Phase 1 clinical trials start with a small group of people that is later expanded in Phase 2 to a group that is similar to the intended population that will receive the vaccine. Phase 2 trials help determine any adverse effects and the immune response, but efficacy and safety are tested in Phase 3 trials involving thousands of people. During the COVID pandemic, vaccine makers have shortened the time for these trials, sometimes combining different phases.

Bencomo said that “given the proven safety of this platform and ethical issues, we didn’t consider a placebo trial in children.” Instead, Cuban scientists correlated the immune response in children with that of adults given the Soberana shots and children who already got COVID.

According to a summary of the trial results published by the Finlay Institute, “after two doses of SOBERANA 02, 99.3% of the 3-to-11 year-old children and 92.9% of the 12-to-18 year-old children had an antibody response 4 times higher than the pre-vaccination level.”



The summary does not say how effective the vaccine is against infections, hospitalizations and deaths in children, data that is usually collected in Phase 3 trials.

Finlay scientists said they relied on the efficacy data of a larger clinical trial with 44,000 adults receiving two doses of Soberana 2 and one of Soberana Plus, which they claim showed they were 91.2% protective against symptomatic disease.

The Finlay Institute has yet to publish these results in peer-reviewed journals. Health officials said they are in talks with the World Health Organization to share the data and seek a preauthorization for their vaccines from the international agency. Cuba is the only Latin American country that decided to develop its own vaccines and declined to participate in the Covax initiative, a WHO program to provide cheaper or donated vaccines to low and mid-income countries.

Dr.
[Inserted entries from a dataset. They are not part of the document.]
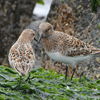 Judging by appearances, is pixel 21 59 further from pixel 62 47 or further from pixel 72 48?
pixel 72 48

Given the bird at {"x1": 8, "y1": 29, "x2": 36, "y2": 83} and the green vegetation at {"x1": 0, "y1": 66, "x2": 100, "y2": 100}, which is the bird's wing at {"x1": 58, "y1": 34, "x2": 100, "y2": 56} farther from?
the bird at {"x1": 8, "y1": 29, "x2": 36, "y2": 83}

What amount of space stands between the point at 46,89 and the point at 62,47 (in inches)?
59.1

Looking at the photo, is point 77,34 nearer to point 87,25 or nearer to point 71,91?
point 87,25

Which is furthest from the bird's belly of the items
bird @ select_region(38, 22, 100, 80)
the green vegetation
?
the green vegetation

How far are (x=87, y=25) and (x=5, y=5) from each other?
236 inches

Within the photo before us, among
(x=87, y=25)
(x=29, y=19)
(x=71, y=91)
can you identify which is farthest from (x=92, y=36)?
(x=29, y=19)

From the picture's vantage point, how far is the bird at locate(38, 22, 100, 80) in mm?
6441

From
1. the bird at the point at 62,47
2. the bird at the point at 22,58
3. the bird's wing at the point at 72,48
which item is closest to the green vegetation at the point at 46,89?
the bird at the point at 22,58

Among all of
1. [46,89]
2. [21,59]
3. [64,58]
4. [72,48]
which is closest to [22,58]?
[21,59]

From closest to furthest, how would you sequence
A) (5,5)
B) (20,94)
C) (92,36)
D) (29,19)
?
1. (20,94)
2. (92,36)
3. (5,5)
4. (29,19)

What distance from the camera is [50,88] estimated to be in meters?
5.80

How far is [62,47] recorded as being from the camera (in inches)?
258

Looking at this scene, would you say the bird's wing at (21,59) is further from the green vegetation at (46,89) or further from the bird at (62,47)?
the bird at (62,47)

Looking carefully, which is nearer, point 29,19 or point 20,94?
point 20,94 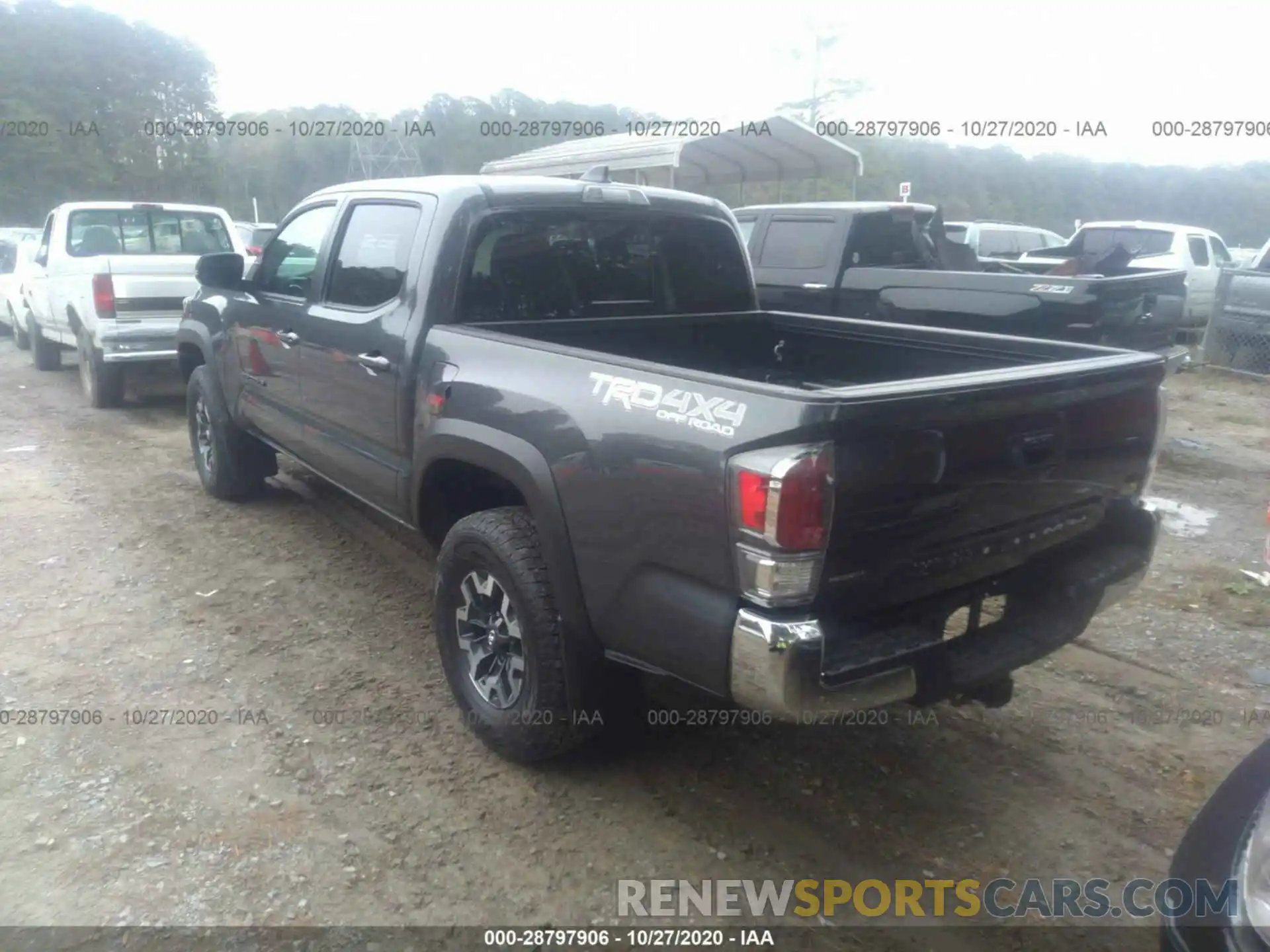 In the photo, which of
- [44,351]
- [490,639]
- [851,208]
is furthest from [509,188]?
[44,351]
Jarbas Barbosa, assistant director of the Pan American Health Organization, said Wednesday the organization could not comment on the use of vaccines on small children in Cuba because no vaccine has received authorization yet from the international organization to use on those age groups.

“We can’t comment because we have not seen the data presented” to Cuba’s regulator, he said. “It is a decision of each country.”

Barbosa said WHO experts were reviewing data from several vaccine makers, including Pfizer and Moderna, but it was a very “thorough process because they need to go through all the data of clinical trials with children and adolescents.”

In the U.S., the Food and Drug Administration said the most direct approach to demonstrate effectiveness for a COVID-19 vaccine candidate is based “on clinical endpoint efficacy trials showing protection against disease.” But the agency said it was open to considering other vaccines that could prove effects on other “surrogate endpoints,” like immune response based on adequate data from clinical trials and depending on the structure and characteristics of the vaccine.

Pfizer, the only company that has received FDA authorization to provide its COVID vaccine to children 12 and older, also compared immune responses between children and adults, but it conducted a Phase 2/3 “randomized, double-blinded and placebo-controlled trial” with 2,260 participants 12-15 years of age, according to the FDA’s authorization memo.

In a two-paragraph statement about the emergency authorization, CECMED said the decision was based on the results of the clinical trials with children and its comparison with results of a similar trial with adults between 19 and 80 years old.

“The results obtained in the study in the pediatric population were superior in all immunological variables with respect to the adult population aged 19 to 80,” the agency said. “The safety profile evidenced was similar between the groups compared. Children from 2 years of age are included in this approval, considering information provided by the manufacturer that justified this inclusion.”

The institution did not provide further details.

Authorities said the vaccination of 90% of the population, including children, will be completed by mid-November, when the country is expected to open its borders and resume in-person school classes.